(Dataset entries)
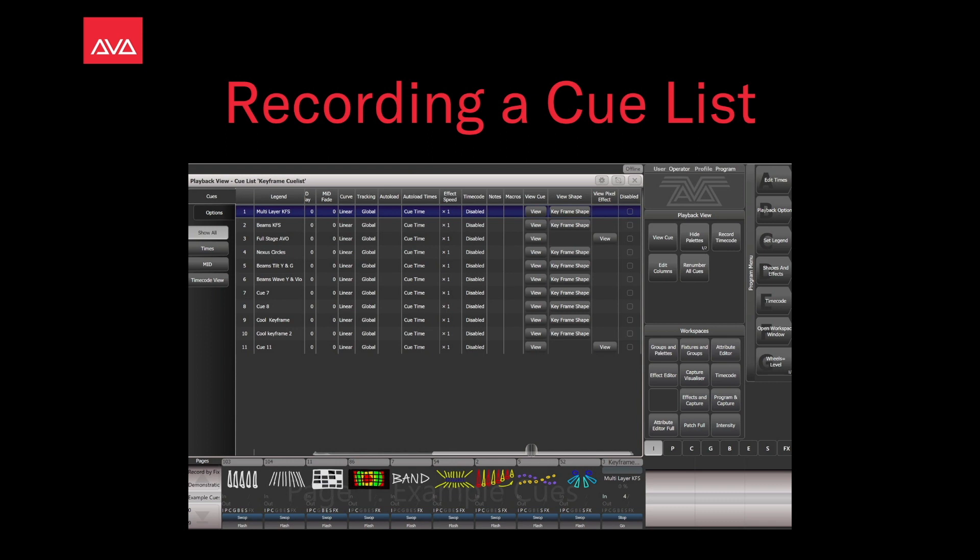Hey everybody, welcome back to Commission Control for your future focus video. In this video we're going to talk about recording a cue list.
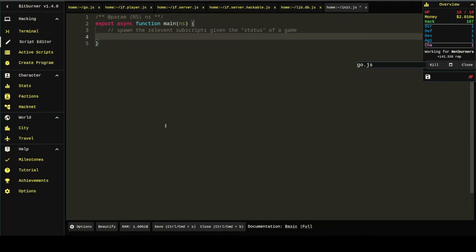But the whole point is you want rules for when Hacknet is going to initialize. Likewise, we're going to do a stock market script later. And you'll want rules for when the stock market script will spawn.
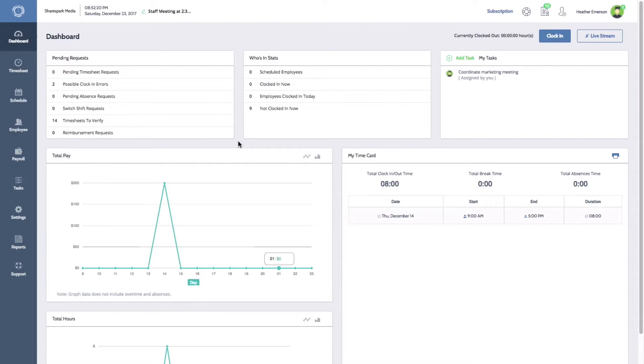Hi everyone, Melissa here with Time Clock Wizard. Today I'll be showing you how to set up self registration for your employees, so they can register to use your time clock on their own.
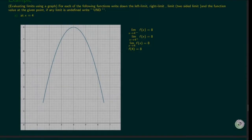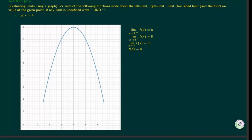The function value at x equals 4 is f(4) equals 8. It is the same as the limit at x equals 4.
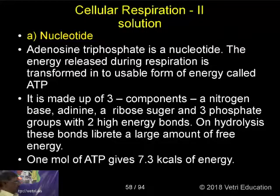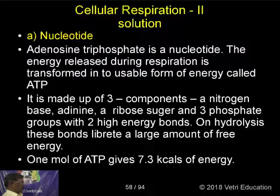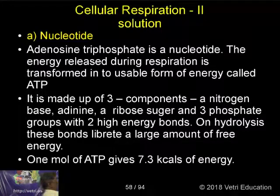On hydrolysis, these bonds liberate a large amount of free energy. One molecule of ATP gives 7.3 kilocalories of energy.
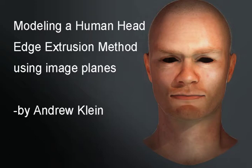Hi, this is Andrew Klein. Today's video will take a look at modeling a human head using the edge extrusion method and image planes.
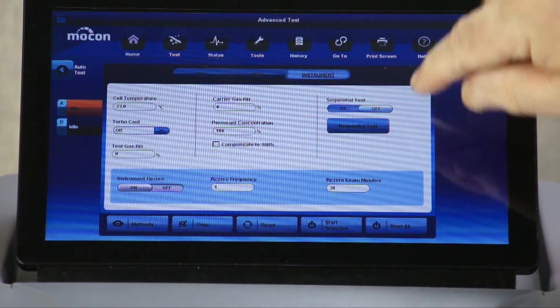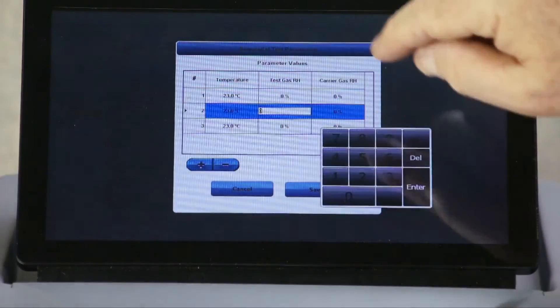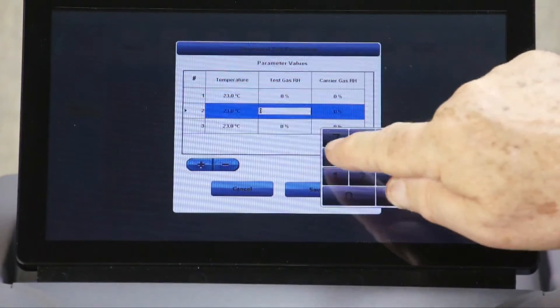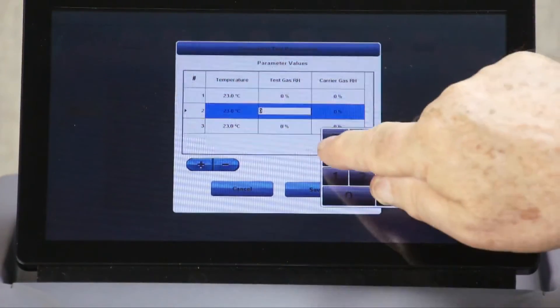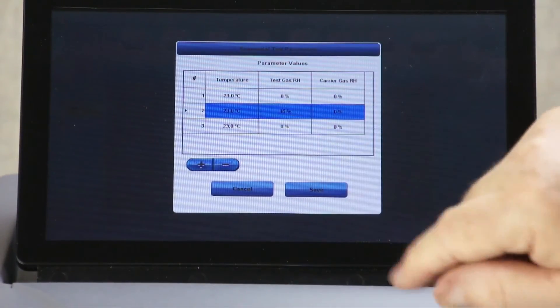Turn sequential test on, then select it. Now you can enter your test parameters and add additional sequential tests.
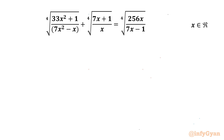Welcome back to InfiGam, my dear friends. In this video we have another very interesting and challenging question from radical equations, and we have to find out real solutions only.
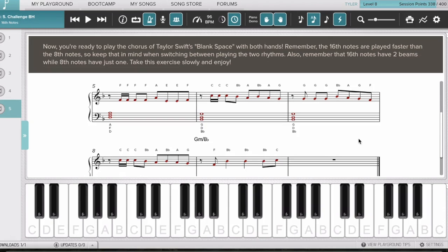That was the chorus for Taylor Swift's song Blank Spaces — it's one of the many songs that Playground Sessions has. As a beginner, you can work your way up to a song like this. Or if you are an intermediate or advanced player, Playground Sessions has loads of songs like this where you can learn them step by step.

● Task goal:
You need to restate all of the entries above exactly and leave the pictures behind.

● Your solution:
Hey everybody, welcome back to Commission Control for your future focus video. In this video we're going to talk about recording a cue list.
But the whole point is you want rules for when Hacknet is going to initialize. Likewise, we're going to do a stock market script later. And you'll want rules for when the stock market script will spawn.
Hi everyone, Melissa here with Time Clock Wizard. Today I'll be showing you how to set up self registration for your employees, so they can register to use your time clock on their own.
The function value at x equals 4 is f(4) equals 8. It is the same as the limit at x equals 4.
On hydrolysis, these bonds liberate a large amount of free energy. One molecule of ATP gives 7.3 kilocalories of energy.
Hi, this is Andrew Klein. Today's video will take a look at modeling a human head using the edge extrusion method and image planes.
Turn sequential test on, then select it. Now you can enter your test parameters and add additional sequential tests.
Welcome back to InfiGam, my dear friends. In this video we have another very interesting and challenging question from radical equations, and we have to find out real solutions only.
That was the chorus for Taylor Swift's song Blank Spaces — it's one of the many songs that Playground Sessions has. As a beginner, you can work your way up to a song like this. Or if you are an intermediate or advanced player, Playground Sessions has loads of songs like this where you can learn them step by step.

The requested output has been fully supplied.